El tiempo
El mundo era un lugar repleto de cosas que anhelaba con ferocidad, y todas estaban demasiado lejos, eran demasiado inalcanzables
Nunca fue peor que entonces. Sabía lo que quería hacer —escribir, escribir—, pero no cómo se hacía para vivir de eso. El tiempo transcurría con una asfixia extraña, a empellones de euforia y desazón. Una mañana toda la oscuridad se había esfumado y a la siguiente estaba, otra vez, en medio de un valle de sombra de muerte. No tenía a nadie que me dijera lo único que a veces hace falta escuchar, esa frase mentirosa que reza “Todo va a estar bien”. Vagaba por una ciudad inmensa, ajena, cantando a gritos una canción de Héroes del Silencio —”tanto vagar para no conservar nunca nada”—, frenética y cardinalmente triste. En las noches, en las discos y los bares, mientras anotaba números de teléfono en mi camiseta, sudada de tanto bailar, pensaba, una y otra vez, “¿todo esto para qué?”. Brillaba con fulgor carbónico. Un tren lanzado a toda velocidad hacia el fondo del fin de la noche. Arañando entre cenizas el rescoldo de luz de una brasa que decía: “Hay que seguir. Algo sucederá”. Despertaba, a veces en mi departamento, a veces no, auscultándome con los ojos cerrados, escuchando los angustiosos latidos de mi corazón, un órgano preciso, automático, indiferente. El mundo era un lugar repleto de cosas que anhelaba con ferocidad, y todas estaban demasiado lejos, eran demasiado inalcanzables.
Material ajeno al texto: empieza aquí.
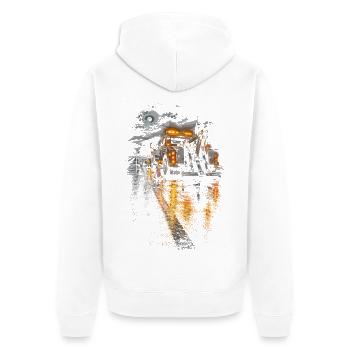 Abschleppfahrer Abschlepper Pannenhelfer - Unisex Premium Bio Zip Hoodie - Weiß - Hinten - Thijin (182cm)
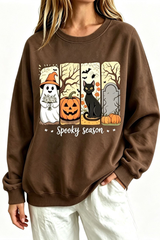 Women's Fall Halloween Spooky Print Thin Relaxed Sweatshirt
Vivía encerrada dentro de mí como un animal, oculta y silente, aunque a los ojos de todos pareciera un demonio remitido desde su origen, un íncubo peligroso. Llenaba hojas y hojas de cuentos, de poemas —de quién sabe qué— en mi Lettera portátil. Escribía de tarde, de noche, de madrugada. Sobre una mesa de pino sin lustrar. Mirando un paisaje de cemento desde un piso alto al que no llegaba nada que no fuera la atronadora indiferencia del mundo. Todo parecía vedado para siempre. Nunca fue peor que entonces. Tenía diecinueve años. El tiempo pasa. Por suerte y menos mal. Feliz año.